В следующий момент я оказываюсь на холодном цинковом столе в помещении, от пола до потолка покрытом белым кафелем. Нещадно слепит хирургическая лампа. Я отчаянно пытаюсь закрыть глаза, но тело одеревенело и не слушается больше. Я парализован, но не лишен чувствительности. В помещение входят люди в белых халатах, марлевых повязках и в белых остроконечных колпаках. Они все одинаковые, как близнецы. У близнецов длинные руки с толстыми пальцами, на которых щетиной растут черные волосы. Один из врачей достает скальпель, режет меня от горла до низа живота и раздвигает ребра. Я чувствую такую боль, что через секунду сорвал бы голос, но голосовые связки не производят ни звука, губы застыли, и крик мой не может вырваться из замерзшей черепной коробки. Врачи безмолвно подходят к моему телу, засовывают руку в кровавое месиво моих внутренностей и вырывают по одному органу: кто легкое, кто почку, кто печень. Они разворачиваются и швыряют их. Те с чавкающим звуком шлепаются на белый кафель, разбрызгивая кровавые кляксы. Я слышу писк и вижу крыс, копошащихся на полу в моих кишках. Я не в силах описать, что со мной творится в эти секунды, минуты, часы, пока продолжается нескончаемая пытка, пока я наблюдаю, как комната из белой превращается в красную под нарастающий писк и шуршание снующих по полу тварей. И в тот момент, когда я весь обращаюсь в чистую боль, перестаю осознавать, кто я и что я, азиат отпускает меня, дает короткую передышку, чтобы опять начать все сначала.

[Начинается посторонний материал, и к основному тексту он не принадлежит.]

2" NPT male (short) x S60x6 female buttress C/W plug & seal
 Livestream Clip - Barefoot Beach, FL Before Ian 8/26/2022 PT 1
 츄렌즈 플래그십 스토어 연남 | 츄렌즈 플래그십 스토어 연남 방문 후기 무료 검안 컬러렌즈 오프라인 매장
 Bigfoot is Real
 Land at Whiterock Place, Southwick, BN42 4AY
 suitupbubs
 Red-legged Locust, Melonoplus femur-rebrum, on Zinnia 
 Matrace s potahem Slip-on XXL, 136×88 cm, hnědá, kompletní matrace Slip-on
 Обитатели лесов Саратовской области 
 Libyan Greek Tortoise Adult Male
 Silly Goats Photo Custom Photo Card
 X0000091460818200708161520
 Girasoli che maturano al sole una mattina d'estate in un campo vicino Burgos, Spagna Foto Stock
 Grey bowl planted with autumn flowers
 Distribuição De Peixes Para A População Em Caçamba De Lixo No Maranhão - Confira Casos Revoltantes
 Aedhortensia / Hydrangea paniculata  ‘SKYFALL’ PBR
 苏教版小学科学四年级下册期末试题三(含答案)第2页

В этой новой камере, куда меня поместили сразу же после банка, нет ничего кроме стула, привинченного к полу. Этот стул с железной спинкой и гладкой сидушкой пострашнее тех, что были когда-то в средневековых пыточных. Азиат даже не удосужился привязать меня как следует. Знает, что я абсолютно бессилен перед ним. Когда он приходит, я забываю, что когда-то жил без страха и боли. Вечность мучений для меня возобновляется. Но и в эти короткие промежутки, когда мне дают отдышаться, я полон ужаса ожидания того, что скоро мой персональный тиран вернется, и заберет последние крупицы сил. Папаша без конца твердит в динамик, что я должен отдавать. Но ведь я и так отдаю. Как бы я ни старался удержать, оставить себе хоть каплю. Вампир страха сильнее меня. Он тянет и тянет. Если только я позволю, если только откроюсь совсем, я взорвусь, и все уйдет разом. Этого они хотят? Я давно перестал понимать, чего они добиваются. Ограбление банка, ключ, Надя - все вместе, как это связано? Зачем эта пытка? Я стал бесполезен, и меня хотят скормить этому монстру, как и предупреждал папаша? Зачем тогда мучить? Я чувствую, азиат может забрать все и сразу, но что-то его сдерживает.
Азиат вернулся. Глаза агрессивно улыбаются сквозь щель маски. Мои руки примотаны липкой лентой к спинке стула, но даже лента не способна удержать дрожь, когда я вижу его снова. Как же жалко я сейчас выгляжу. Стыдно осознавать, но я весь пропитан потом, и, кажется, не только им. Я все жду, когда истязания возобновятся, но азиат отчего-то медлит, ходит передо мной из стороны в сторону и, кажется, думает о чем-то. В углу под потолком включился репродуктор, и я слышу голос папаши, который руководит всем процессом откуда-то из другого помещения. Каким образом он главенствует над азиатом, для меня загадка. Что может напугать самого вампира страха? И неужели его чары не действуют на папашу?